#### AVAILABLE DATA:
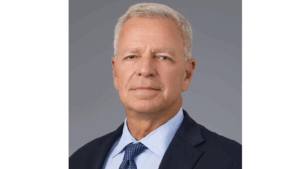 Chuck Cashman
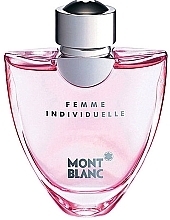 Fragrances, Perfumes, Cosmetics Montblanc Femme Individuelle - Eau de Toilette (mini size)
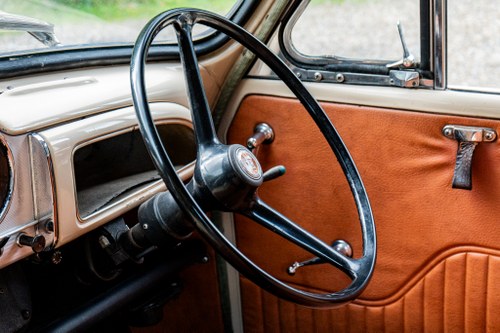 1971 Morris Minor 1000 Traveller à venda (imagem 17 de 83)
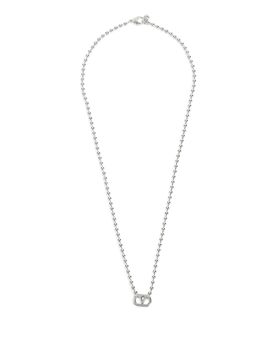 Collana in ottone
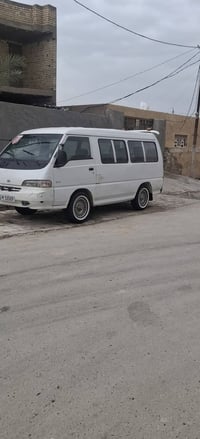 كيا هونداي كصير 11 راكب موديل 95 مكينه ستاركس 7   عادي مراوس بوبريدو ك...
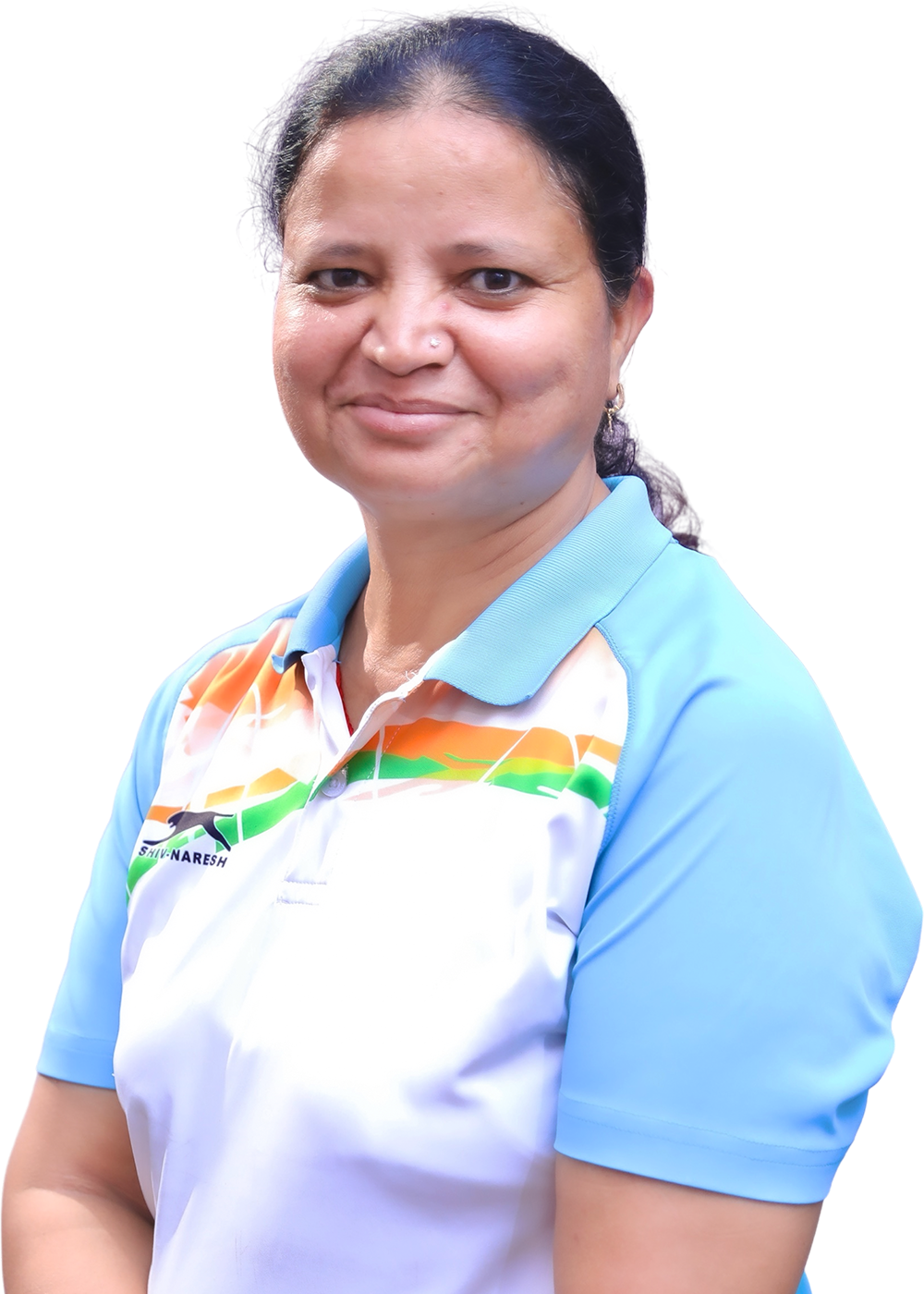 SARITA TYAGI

==

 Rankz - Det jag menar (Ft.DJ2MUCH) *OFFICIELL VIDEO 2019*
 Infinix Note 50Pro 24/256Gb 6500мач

#### ABOUT THIS EXERCISE:
From the records above, give again only the part that opens with the line containing "Chuck Cashman" and closes with the line containing "SARITA TYAGI". Keep both ends but drop the pictures.

#### REPLY TO THE TASK:
 Chuck Cashman
 Fragrances, Perfumes, Cosmetics Montblanc Femme Individuelle - Eau de Toilette (mini size)
 1971 Morris Minor 1000 Traveller à venda (imagem 17 de 83)
 Collana in ottone
 كيا هونداي كصير 11 راكب موديل 95 مكينه ستاركس 7   عادي مراوس بوبريدو ك...
 SARITA TYAGI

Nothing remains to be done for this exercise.